Finding a good Philly cheesesteak is not an easy proposition in this town, but things have been improving lately.
The local standard for comparison is the one served at Stein’s Deli & Market, though it’s only available on Tuesdays as a special. There’s a very good example on the daily menu at Jims, which opened earlier this year inside Studio Inferno in the Bywater. And more recently, farther down in the Bywater, Jughead’s Bar & Grille has started sizzling up steak sandwiches.
Jughead’s is in a stout, cinderblock building that will be familiar to local barbecue aficionados as the former home of the Joint, which moved to bigger digs a few blocks away (note: the Joint is closed this week for a summer break, with a reopening scheduled for Aug. 20).

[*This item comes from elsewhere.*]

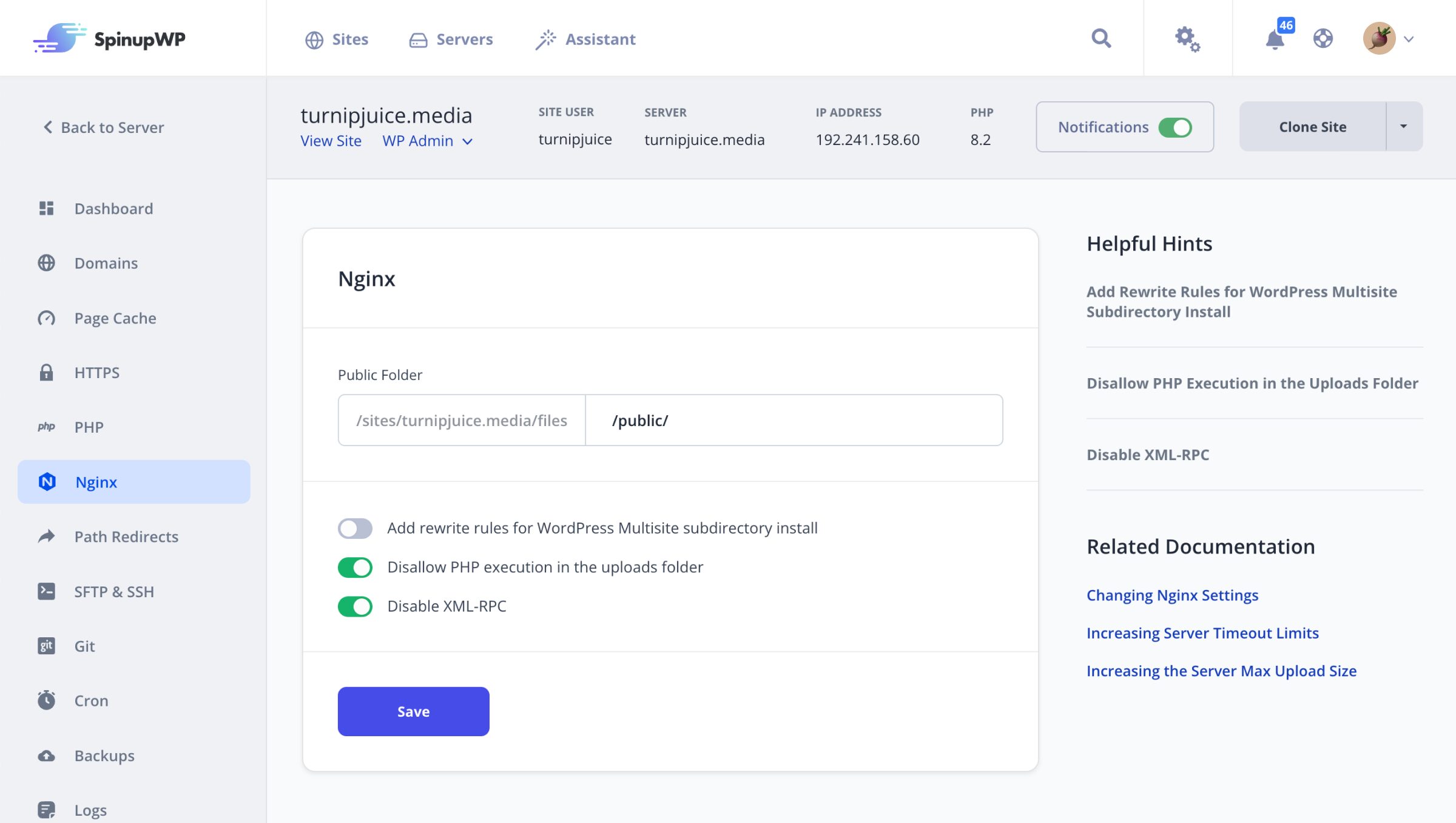 Nginx Settings in SpinupWP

The menu is short and simple: cheesesteaks, a chicken sandwich done in the same style, BLTs with or without chicken, a vegetable sandwich and Caesar salads with steak or chicken. Macaroni salad is the only side. Prices are between $7 and $9. Sandwiches are made with crusty banh mi-style loaves. The cheesesteak I tried was loaded with chopped cloves of griddle-hot garlic, with the melted provolone binding the onions, peppers and mushrooms to the swiggles of sliced rib eye.

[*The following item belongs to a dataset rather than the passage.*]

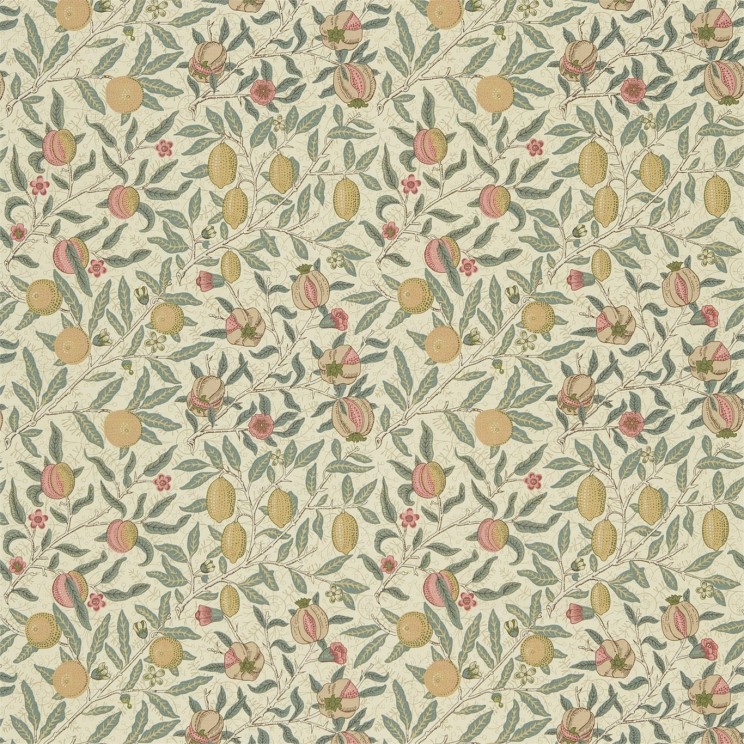 Morris and Co Fruit Cream/Teal Fabric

Jughead’s is the first restaurant from John Delamater and Lisa Rahon. Delamater is a carpenter, and those skills were put to work in the renovation of the old Joint space. The interior has been redone a bit, and more significantly, in the back, where the Joint once had its massive smoker and a few tables, Jughead’s sports a covered patio with a bar and a big TV.
The Jughead’s name is partially a tribute to a buddy’s dog and also a reference to the character from the Archie comics. Delamater says he picked it to help set a certain tone for the place as a friendly hangout.
“It’s just a place you come in for a sandwich and a couple of beers,” he says. “We don’t want anyone to mistake this place for fine dining.”
There’s little danger of that. A train line runs just beyond the patio fence, and locomotives rumble past so close it seems like they might run over your cheesesteak. But when in the right frame of mind this can actually add a bit of ambiance.
Jughead’s serves lunch and dinner daily.